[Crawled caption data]
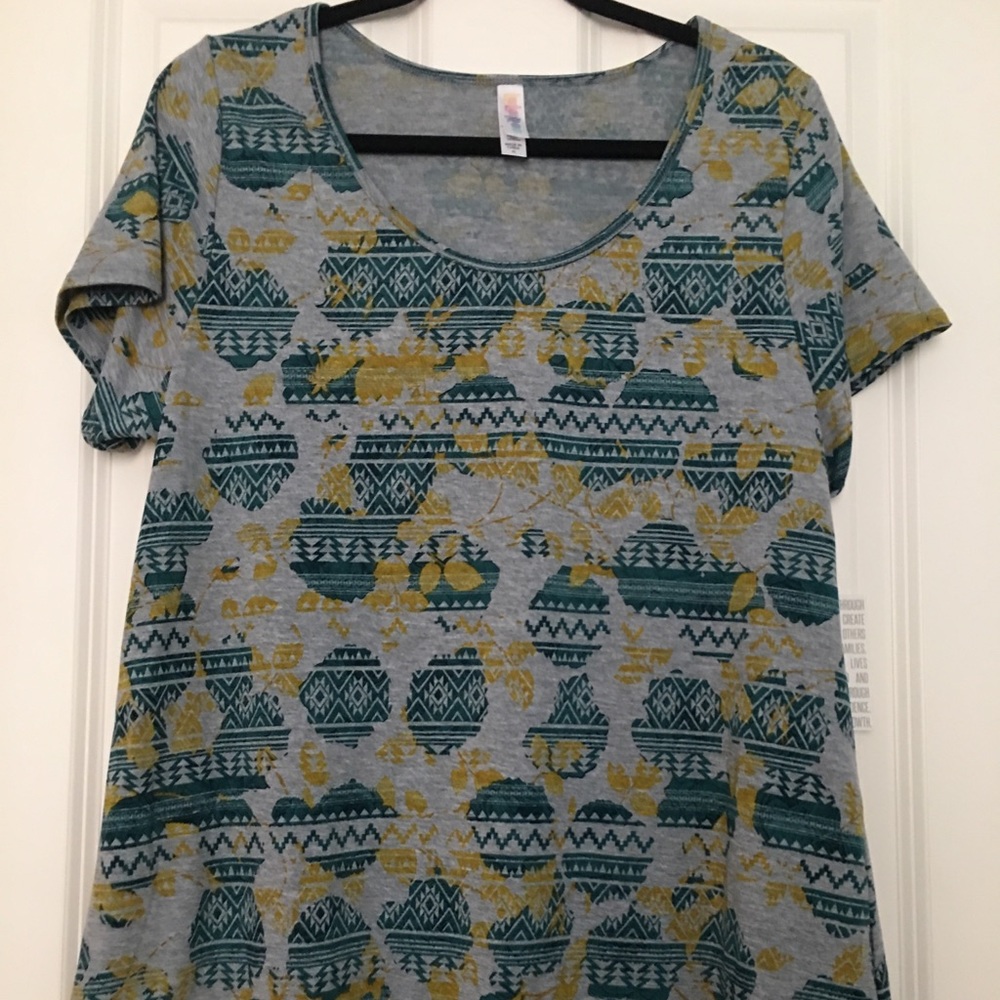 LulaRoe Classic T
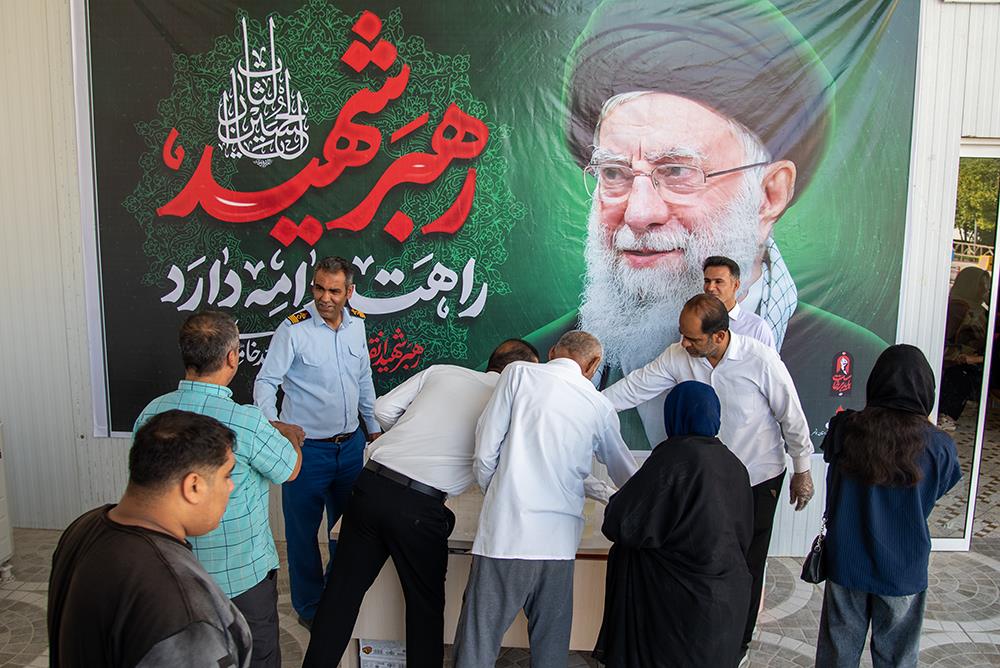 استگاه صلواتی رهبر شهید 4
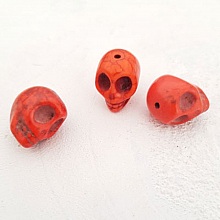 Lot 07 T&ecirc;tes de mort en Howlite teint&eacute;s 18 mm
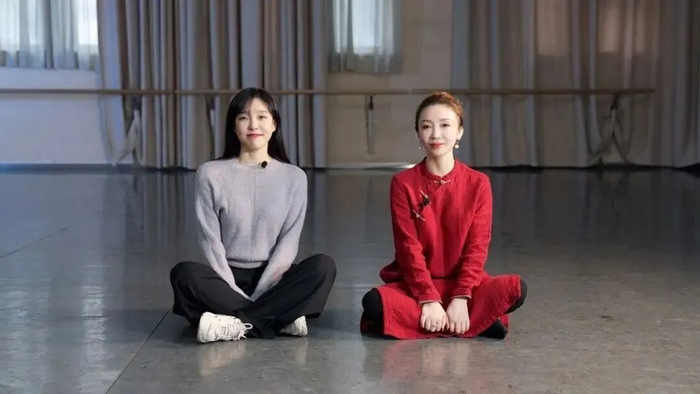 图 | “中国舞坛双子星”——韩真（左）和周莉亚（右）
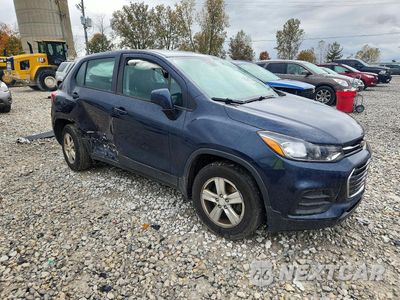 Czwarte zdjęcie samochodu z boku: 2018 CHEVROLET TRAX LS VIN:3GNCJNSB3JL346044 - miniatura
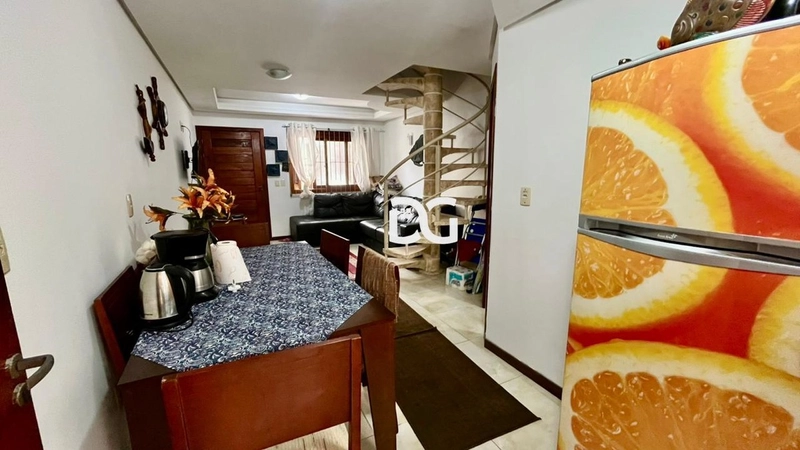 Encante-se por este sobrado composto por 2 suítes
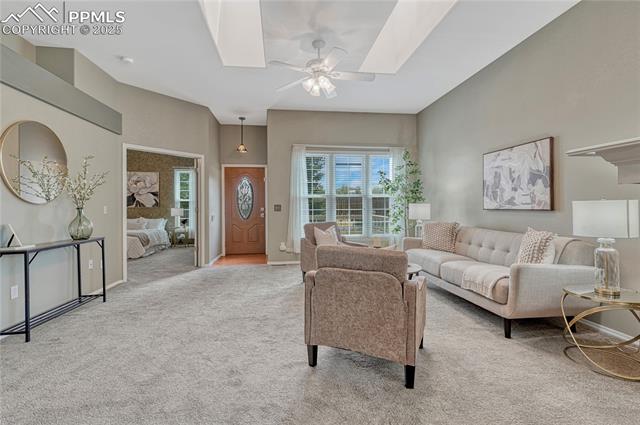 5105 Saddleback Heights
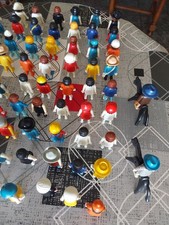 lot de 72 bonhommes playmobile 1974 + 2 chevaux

> **Exercise description**
Please give the data again in full, exactly as written, but without any images.

> **Answer to the problem**
 LulaRoe Classic T
 استگاه صلواتی رهبر شهید 4
 Lot 07 T&ecirc;tes de mort en Howlite teint&eacute;s 18 mm
 图 | “中国舞坛双子星”——韩真（左）和周莉亚（右）
 Czwarte zdjęcie samochodu z boku: 2018 CHEVROLET TRAX LS VIN:3GNCJNSB3JL346044 - miniatura
 Encante-se por este sobrado composto por 2 suítes
 5105 Saddleback Heights
 lot de 72 bonhommes playmobile 1974 + 2 chevaux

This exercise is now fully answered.